--- Exercise directions ---
The expected result is an exact restatement of the data, free of pictures.

═════ Data block

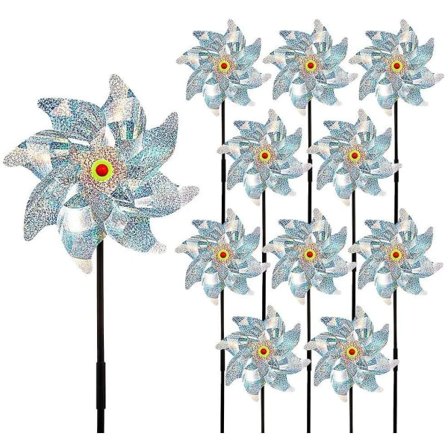 10-pak reflekterende fugleskræmmende vindmøller, vindhjul Fugleskræmmende hængende dekoration Glitrende sølvspinnere til at holde fugle væk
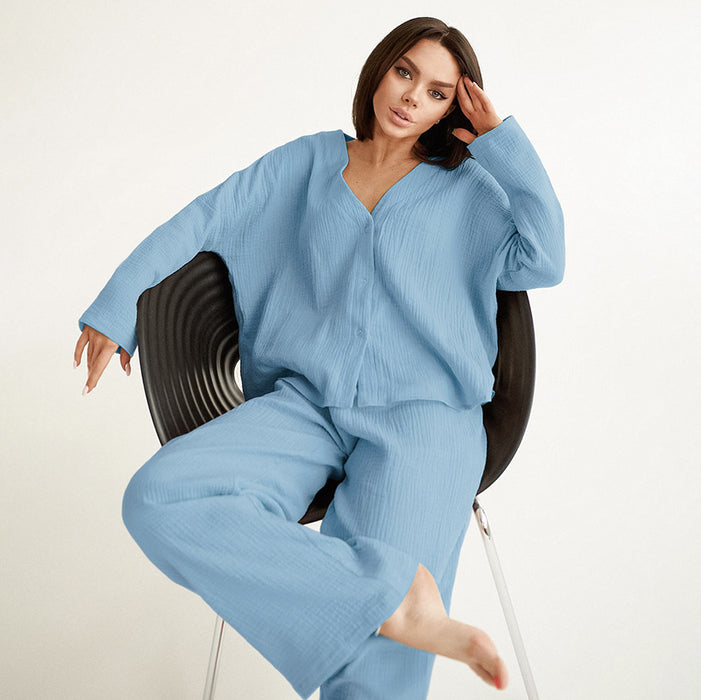 Summer Double Layer Crepe V-neck French Loose Comfortable Long Sleeve Pajamas Women Cotton Linen Homewear Set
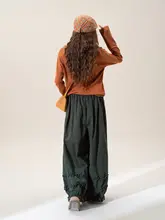 バルーンパンツ レディース グリーン 韓流 フリル パッチワーク ゴムウエスト ハイウエスト 着痩せ アンクル丈 ワイドパンツ 秋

══════════

--- Task response ---
 10-pak reflekterende fugleskræmmende vindmøller, vindhjul Fugleskræmmende hængende dekoration Glitrende sølvspinnere til at holde fugle væk
 Summer Double Layer Crepe V-neck French Loose Comfortable Long Sleeve Pajamas Women Cotton Linen Homewear Set
 バルーンパンツ レディース グリーン 韓流 フリル パッチワーク ゴムウエスト ハイウエスト 着痩せ アンクル丈 ワイドパンツ 秋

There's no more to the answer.